In 1937, he became editor of the sci-fi pulp magazine Amazing Stories. Palmer promoted a wild and crazy slam-bang style of futuristic fiction, establishing himself and the magazine as the polar opposites of John W. Campbell and his editorship of the more conservative and literary Astounding Science Fiction.
After World War II, Palmer pushed Amazing Stories in the direction of fusing science fiction with paranormal “fact,” a mixture that caused a furor in sci-fi fandom and led to many labeling him as “the man who killed science fiction.” He eventually left the pulp world behind and founded Fate and Mystic, two magazines that became rollicking crack-pot bibles for flying saucer enthusiasts, would-be ghost hunters and intrepid crypto-zoologists in midcentury America.
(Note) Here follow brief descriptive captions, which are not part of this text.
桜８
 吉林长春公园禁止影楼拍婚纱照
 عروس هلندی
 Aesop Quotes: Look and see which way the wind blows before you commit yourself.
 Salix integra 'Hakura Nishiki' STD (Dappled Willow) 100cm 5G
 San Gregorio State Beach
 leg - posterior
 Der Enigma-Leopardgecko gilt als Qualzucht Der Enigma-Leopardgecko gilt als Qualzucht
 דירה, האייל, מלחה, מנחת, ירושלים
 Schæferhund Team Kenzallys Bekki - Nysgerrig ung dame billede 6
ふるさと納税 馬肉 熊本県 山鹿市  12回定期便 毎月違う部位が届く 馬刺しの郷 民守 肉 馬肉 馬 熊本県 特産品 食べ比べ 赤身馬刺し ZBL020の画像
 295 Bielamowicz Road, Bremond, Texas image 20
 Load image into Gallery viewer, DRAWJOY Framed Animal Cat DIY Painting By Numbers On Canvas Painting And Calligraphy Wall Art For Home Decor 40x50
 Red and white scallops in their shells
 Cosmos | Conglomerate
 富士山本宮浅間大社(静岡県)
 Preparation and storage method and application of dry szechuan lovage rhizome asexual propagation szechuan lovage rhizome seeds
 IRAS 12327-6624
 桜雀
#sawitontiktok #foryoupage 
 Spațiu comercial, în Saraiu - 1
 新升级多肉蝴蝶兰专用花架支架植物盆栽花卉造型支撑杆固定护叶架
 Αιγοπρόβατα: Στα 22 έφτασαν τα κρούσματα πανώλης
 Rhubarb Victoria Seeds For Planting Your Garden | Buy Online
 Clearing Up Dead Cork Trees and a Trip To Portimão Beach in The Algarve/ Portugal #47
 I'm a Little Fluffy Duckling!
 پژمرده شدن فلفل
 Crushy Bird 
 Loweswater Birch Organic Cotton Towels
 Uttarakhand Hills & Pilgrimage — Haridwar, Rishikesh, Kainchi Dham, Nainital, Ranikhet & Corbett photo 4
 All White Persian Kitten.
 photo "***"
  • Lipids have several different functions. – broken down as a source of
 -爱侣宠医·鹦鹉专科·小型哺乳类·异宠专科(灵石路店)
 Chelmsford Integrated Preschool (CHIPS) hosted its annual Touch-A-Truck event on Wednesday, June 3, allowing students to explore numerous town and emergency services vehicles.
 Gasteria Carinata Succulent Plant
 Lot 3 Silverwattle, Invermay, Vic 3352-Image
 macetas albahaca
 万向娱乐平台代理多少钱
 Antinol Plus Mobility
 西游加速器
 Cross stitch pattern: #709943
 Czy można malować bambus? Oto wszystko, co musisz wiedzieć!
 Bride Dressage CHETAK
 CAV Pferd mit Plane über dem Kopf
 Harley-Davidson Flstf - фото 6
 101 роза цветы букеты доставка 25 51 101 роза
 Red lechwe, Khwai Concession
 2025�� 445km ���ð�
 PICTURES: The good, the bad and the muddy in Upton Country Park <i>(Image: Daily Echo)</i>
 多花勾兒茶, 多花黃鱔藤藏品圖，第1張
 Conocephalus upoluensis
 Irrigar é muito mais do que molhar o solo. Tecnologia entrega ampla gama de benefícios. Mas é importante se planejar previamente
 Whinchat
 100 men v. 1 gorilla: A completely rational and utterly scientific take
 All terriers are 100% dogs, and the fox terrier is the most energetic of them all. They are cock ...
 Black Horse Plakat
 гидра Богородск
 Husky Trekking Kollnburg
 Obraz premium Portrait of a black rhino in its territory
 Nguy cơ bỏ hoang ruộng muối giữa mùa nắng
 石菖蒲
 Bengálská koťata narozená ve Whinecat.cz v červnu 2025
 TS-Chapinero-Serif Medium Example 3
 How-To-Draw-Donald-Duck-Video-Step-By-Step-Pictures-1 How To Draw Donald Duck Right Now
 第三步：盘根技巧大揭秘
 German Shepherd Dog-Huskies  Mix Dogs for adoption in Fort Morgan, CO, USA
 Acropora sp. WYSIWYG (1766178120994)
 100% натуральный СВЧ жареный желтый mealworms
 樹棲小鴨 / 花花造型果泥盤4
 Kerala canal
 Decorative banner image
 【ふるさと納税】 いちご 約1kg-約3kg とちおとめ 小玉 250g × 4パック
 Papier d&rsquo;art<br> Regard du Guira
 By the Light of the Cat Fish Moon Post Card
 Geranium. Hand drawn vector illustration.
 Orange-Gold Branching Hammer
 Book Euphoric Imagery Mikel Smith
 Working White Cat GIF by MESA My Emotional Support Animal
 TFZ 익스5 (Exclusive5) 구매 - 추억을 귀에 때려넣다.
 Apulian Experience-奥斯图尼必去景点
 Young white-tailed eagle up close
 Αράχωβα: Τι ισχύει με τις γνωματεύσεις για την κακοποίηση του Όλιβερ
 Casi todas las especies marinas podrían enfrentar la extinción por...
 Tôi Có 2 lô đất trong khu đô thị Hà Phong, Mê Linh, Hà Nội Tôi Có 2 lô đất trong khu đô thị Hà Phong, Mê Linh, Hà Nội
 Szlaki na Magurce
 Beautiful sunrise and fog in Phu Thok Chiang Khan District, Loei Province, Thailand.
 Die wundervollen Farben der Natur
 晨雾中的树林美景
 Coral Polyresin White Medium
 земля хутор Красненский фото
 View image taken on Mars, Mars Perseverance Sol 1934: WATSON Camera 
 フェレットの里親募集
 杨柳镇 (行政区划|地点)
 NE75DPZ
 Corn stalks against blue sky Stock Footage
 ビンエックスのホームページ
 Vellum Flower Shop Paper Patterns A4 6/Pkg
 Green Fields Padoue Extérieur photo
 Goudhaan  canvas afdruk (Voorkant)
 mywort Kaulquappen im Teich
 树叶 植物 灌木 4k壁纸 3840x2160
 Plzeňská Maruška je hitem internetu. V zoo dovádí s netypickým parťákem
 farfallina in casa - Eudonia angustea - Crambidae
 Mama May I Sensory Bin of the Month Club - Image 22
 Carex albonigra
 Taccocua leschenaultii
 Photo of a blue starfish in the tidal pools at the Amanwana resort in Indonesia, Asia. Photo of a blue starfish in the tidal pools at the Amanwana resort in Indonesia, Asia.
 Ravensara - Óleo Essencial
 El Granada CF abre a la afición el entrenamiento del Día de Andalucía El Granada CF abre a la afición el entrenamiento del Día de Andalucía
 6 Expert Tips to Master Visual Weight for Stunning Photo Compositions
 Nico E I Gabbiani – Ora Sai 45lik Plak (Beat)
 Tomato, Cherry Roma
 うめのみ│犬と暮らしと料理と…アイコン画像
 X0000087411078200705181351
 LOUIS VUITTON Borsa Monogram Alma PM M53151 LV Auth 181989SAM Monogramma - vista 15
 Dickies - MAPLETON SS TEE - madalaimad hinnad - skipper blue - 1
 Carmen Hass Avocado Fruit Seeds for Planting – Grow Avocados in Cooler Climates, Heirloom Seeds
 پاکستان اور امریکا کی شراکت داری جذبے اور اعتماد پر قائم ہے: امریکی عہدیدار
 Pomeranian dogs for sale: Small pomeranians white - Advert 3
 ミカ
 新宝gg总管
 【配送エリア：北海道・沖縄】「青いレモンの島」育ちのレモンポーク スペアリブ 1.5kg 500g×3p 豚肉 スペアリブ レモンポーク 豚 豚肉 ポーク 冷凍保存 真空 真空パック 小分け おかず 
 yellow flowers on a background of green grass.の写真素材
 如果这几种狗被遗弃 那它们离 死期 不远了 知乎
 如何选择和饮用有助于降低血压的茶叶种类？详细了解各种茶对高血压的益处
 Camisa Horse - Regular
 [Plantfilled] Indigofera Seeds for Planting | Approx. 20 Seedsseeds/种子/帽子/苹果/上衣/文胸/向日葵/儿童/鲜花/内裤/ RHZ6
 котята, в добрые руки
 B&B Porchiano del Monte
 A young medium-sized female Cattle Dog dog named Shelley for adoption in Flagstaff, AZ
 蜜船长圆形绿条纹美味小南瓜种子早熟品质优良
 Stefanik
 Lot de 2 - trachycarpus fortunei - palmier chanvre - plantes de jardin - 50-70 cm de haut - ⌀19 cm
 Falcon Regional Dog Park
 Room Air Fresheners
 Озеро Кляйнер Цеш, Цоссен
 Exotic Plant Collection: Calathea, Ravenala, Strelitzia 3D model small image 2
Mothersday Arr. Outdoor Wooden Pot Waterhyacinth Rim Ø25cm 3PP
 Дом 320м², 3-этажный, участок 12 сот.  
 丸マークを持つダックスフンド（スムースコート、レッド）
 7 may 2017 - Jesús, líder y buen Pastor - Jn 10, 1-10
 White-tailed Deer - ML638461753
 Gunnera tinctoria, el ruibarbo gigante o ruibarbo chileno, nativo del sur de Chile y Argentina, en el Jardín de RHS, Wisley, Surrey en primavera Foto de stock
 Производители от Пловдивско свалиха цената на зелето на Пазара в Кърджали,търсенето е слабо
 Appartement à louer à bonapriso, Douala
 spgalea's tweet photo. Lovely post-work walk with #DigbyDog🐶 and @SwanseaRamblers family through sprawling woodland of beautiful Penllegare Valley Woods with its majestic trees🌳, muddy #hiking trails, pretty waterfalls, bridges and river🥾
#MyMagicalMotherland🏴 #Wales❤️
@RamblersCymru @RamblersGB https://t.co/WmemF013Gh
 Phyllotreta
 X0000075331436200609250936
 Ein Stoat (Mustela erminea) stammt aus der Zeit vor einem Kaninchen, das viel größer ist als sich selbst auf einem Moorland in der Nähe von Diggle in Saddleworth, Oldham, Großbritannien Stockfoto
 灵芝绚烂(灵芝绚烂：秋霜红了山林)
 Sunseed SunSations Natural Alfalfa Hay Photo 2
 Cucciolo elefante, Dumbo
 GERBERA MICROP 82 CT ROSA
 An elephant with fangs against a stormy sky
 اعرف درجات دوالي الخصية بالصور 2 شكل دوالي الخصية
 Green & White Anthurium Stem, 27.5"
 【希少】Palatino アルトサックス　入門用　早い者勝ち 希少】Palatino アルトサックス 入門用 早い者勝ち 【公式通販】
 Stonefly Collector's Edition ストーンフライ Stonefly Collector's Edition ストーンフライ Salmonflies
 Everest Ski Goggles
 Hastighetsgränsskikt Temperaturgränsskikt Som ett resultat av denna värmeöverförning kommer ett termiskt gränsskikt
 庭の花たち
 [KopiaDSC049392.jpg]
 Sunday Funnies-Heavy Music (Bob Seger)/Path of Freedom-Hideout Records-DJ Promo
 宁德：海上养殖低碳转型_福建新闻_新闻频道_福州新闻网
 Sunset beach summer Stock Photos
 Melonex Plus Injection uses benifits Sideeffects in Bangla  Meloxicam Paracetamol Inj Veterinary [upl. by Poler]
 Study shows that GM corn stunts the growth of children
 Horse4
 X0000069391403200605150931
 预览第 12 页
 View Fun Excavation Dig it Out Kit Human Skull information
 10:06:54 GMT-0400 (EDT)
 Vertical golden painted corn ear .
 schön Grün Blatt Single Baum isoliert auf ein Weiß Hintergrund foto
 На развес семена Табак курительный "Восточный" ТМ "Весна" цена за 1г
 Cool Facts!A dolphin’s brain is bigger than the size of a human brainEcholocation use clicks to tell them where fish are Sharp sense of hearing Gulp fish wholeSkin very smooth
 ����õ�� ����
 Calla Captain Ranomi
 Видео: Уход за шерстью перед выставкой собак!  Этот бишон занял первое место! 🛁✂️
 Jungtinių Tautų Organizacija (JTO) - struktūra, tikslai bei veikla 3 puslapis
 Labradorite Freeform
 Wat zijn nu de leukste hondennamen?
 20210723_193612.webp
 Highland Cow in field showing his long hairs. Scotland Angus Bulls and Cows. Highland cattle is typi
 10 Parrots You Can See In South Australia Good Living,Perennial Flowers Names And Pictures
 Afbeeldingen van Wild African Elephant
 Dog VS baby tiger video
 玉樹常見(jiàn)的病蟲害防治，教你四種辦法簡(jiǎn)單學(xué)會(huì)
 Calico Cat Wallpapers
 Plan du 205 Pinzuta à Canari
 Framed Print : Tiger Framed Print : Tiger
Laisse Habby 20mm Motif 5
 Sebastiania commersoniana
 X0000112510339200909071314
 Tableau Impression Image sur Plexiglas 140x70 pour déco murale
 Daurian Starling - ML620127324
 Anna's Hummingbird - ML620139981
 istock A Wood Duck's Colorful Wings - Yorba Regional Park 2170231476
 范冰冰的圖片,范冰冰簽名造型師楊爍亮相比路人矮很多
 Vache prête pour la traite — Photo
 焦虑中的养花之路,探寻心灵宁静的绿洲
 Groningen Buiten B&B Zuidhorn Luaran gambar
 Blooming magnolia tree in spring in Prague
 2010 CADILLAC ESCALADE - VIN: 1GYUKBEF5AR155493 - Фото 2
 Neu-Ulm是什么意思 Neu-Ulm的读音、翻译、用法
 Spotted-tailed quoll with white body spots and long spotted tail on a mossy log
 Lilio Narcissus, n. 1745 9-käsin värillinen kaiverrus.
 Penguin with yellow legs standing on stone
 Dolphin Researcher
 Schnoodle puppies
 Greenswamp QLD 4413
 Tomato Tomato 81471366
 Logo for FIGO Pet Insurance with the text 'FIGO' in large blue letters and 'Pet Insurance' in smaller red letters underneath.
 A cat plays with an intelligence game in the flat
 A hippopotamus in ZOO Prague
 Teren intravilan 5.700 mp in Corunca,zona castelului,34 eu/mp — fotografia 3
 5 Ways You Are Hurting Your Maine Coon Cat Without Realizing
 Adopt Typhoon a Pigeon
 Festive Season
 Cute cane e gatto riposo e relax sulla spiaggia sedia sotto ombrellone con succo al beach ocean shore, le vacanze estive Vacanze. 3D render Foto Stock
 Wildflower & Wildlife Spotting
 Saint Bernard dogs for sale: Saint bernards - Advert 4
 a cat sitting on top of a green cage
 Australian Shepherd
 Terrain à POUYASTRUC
Ray Palmer didn’t invent science fiction fandom, pulp magazines, UFO mythology or American conspiracy culture. But he latched onto each of them with the tenacity of a bulldog and the instincts of a carnival barker. Ultimately, what makes his story so fascinating is the careful tightrope walk he was able to navigate between being a true believer and gleeful trickster. He was a larger-than-life character who was never afraid to tug at the curtain of respectability and dogma, and encouraged his readers to do the same. Palmer always expected to find a fake wizard manipulating the controls, primarily because he spent most of his life doing the same.